How to run your own projects
Architects who act as their own construction managers, employing specialist contractors directly and cutting out the main contractor, can effect considerable cost savings and improvements in quality. This has been the experience of Selcuk Avci since he reactivated the practice he runs with his wife, the theatre set and costume designer Sanja Jurca, on leaving ecd as design director in April last year.
'The architect becomes the sole trusted person - the old master-builder,' Avci said, describing a process with which he became involved almost by accident. The practice currently is doing fairly small-scale work - new houses, house conversions and restaurants - and on one project Avci found that the tenders were way over budget. He discovered that the contractor was adding about 50 per cent to the total cost of the subcontractors' work. So almost by default, and at the client's request, Avci cut out the contractor and acted as construction manager, letting individual contracts directly between the client and the specialist contractors. Subsequently he found himself taking this role on other projects as well.
In some ways it suits him very well. 'I don't like the barrier between the contractor and the architect,' he says. 'I like the contractor to tell me if it is sensible to put that screw there.' He feels much more in sympathy with the specialist contractor than with a typical main contractor, who often can block this essential communication. But, Avci warns, 'You have to choose the tradesmen well.'
The client feels much more involved with this approach. Typically, Avci divides the work into a number of packages and lets each one separately, in consultation with his client. This approach makes clients much more aware of the cost implications of any changes; the downside is that it is also easier for the client to change his mind at the last minute. When things go wrong, Avci does find construction management a headache. Small contractors can suddenly go missing, and stop answering their mobile phones. And it can be necessary to be tough. On the Galinheiro restaurant in Wembley, North London, the original door did not fit. 'I had to have the door remade,' said Avci. 'It was up to me to tell the guy that unless he did it he would never get another job.' In this case the threat worked, and the contractor changed the door immediately. But on another contract in Primrose Hill the joiner/ carpenter disappeared and left many things unfinished.
Not only does Avci not enjoy playing the heavy, he also finds it takes him away from what he most enjoys - designing. Almost in spite of himself the number of projects is growing: the latest is a restaurant and housing project in Islington's Upper Street called Troy and, with more on the horizon, he has set up a separate company within Avci + Jurca called Space 3 to handle construction management. He hopes eventually to have an architect within his practice dedicated to actually running the projects, giving him more time for design.

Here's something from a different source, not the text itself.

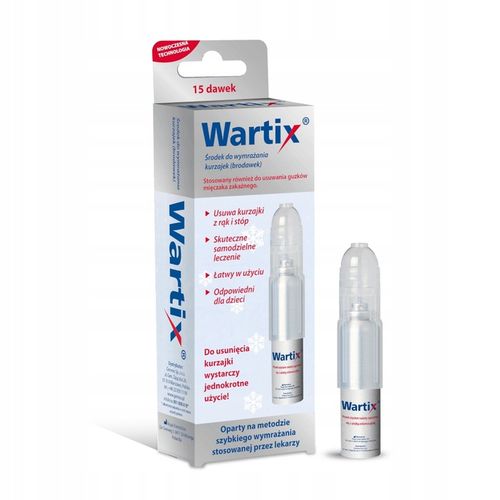 Wartix, aerozol do wymrażania kurzajek, 38 ml na Arena.pl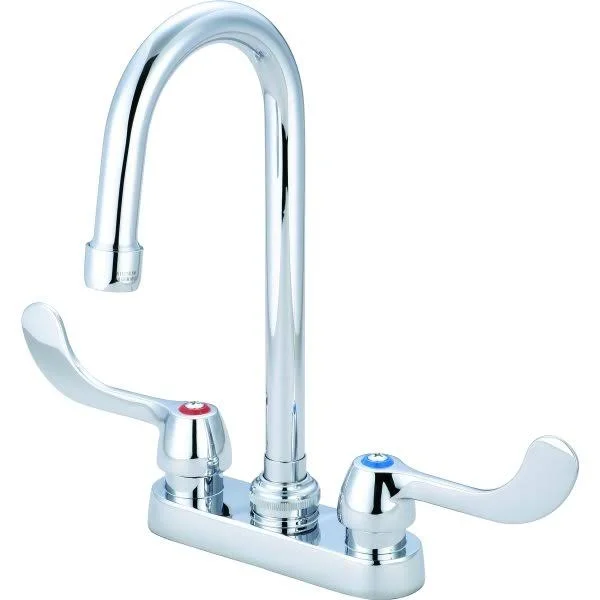 Central Brass 0084-ELS17-E0.5 Two Handle Centerset Laundry Faucet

In that case he would enjoy fully the benefits of construction management - the greater control and the feedback from the people making the work. But the quality of the client is crucial too: 'It only works on a project where the client is self-aware and design-conscious,' he says. And it can also be nerve-racking for the client because there isn't a single lump-sum quote - just a budget - and there are no penalties for delays. But the benefits usually outweigh the disadvantages.
Another advantage Avci sees is that it is possible with construction management to start construction without having completed the design. 'It is mad but it is a fact - because as the architect you have a broad picture of what you want to do and can fix certain aspects of the design before others, such as demolitions, foundations, drains, main walls, and get these things started off and verbally instruct most of it.' This is of course the reason why developers fell in love with construction management in the 1980s, as it shortened the development time/borrowing period and brought forward the moment at which the building could be occupied.
Having almost drifted into construction management, Avci has felt forced to make things up as he goes along, with little guidance available. 'It would be interesting if this process could be formalised more,' he said. 'There is no guidance that exists for the small works market.' Failing this, he has drawn up his own list of do's and don'ts.
get a client who understands design and will support your aims when the going gets tough
get a realistic budget and use that as a control document
make a work programme before you start and get the client and foreman's agreement to it
have one central/key tradesman to act as foreman/site enforcer who can act as your day-to-day contact
try to get all your specialist trade drawings ready before the relevant trades come on to site
get a price/quote for everything if you have time, otherwise negotiate the day rate well and ensure the foreman keeps pushing for progress
make very clear the lines of responsibility for ordering and delivery of goods to site. Ensure that the foreman has the ability to do this
get specialists to take full responsibility for their work, including making good and cleaning up afterwards
be careful with follow-on trades who may damage the work of others. They won't come back for free if the work was not protected
get things in writing even if you are dealing with lone tradesmen. If they don't write, you write and confirm.
break up the trades too much - try to lump as much responsibility on to one or two key people in the project such as a carpenter or joiner
use individual one-man-band plumbers or electricians who may not have the back-up you need at crucial times
get into the role of ordering or buying for the trades, because you will always forget something which will delay them. Get the trade foreman to do it
innovate - if you have not done it before, don't do it under construction management. Minimise the variables. Once you are on top of cm, then you can innovate with details, etc
upset your friendly main contractors whom you will need for the lump- sum traditional contracts under which most of your other work may need to be done. They may feel upset that you are taking over their roles
start with a project that is too far away - a stone's throw is best for the first one.